Sudan lawyers ‘outraged’ as three human rights defenders slain

The Darfur Bar Association (DBA) released a statement condemning the murder of prominent human rights defender Ahmed ‘El Lord’ Abdallah and advocate Adam El Rab in Nyala on Friday. Sudan’s Emergency Lawyers expressed outrage over the death of lawyer Mohamed Mirsal after his house in Omdurman was shelled on Friday.

According to the DBA statement, human rights defenders Ahmed Abdallah, also known by his nickname ‘El Lord’, and Adam El Rab “were kidnapped by armed men in Nyala, capital of South Darfur, on Friday”. As reported by Radio Dabanga yesterday, their captors demanded a major ransom for their release before they were murdered.

When the families of the Abdallah and El Rab inquired at the Rapid Support Forces (RSF) headquarters in Nyala to ask on their whereabouts, the RSF attributed responsibility to ‘unaffiliated rebel groups’. The families reportedly later “found the two corpses on the side of the Nyala – El Fasher road”, Eisa Defallah told Sudan Tribune.

Sudan’s Emergency Lawyers condemned the killing of three lawyers in Khartoum and Nyala since Friday. The group said in a statement that lawyer Mohamed Mirsal was killed when his house in Omdurman was bombed.

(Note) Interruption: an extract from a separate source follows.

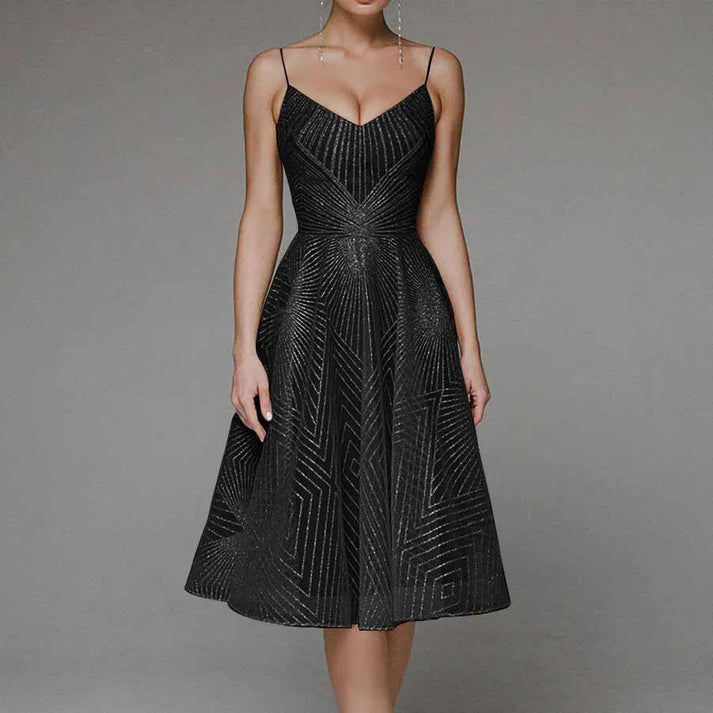 Women’s Midi Dress – A-Line Fit – Sheer Geometric Pattern – V-Neck – Spaghetti Straps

Community leaders and human rights defenders, in Darfur and throughout Sudan, are subjected to constant threats and arrests by both sides of the fighting. Just yesterday, the DBA appealed to both sides of the conflict to release all civilian detainees, following the detention of another senior lawyer by Military Intelligence in Omdurman on Friday.

Radio Dabanga previously reported that both the Sudanese army (SAF) and the RSF are accused of having detained hundreds of activists and volunteers in Khartoum state since the start of the war.

Since the outbreak of war on April 15, Nyala witnessed violent clashes between the army and the RSF, which left countless civilians dead. On Thursday, Radio Dabanga highlighted various reports from Nyala of killings, rapes, looting, and “the complete breakdown of the region’s infrastructure and security apparatus”.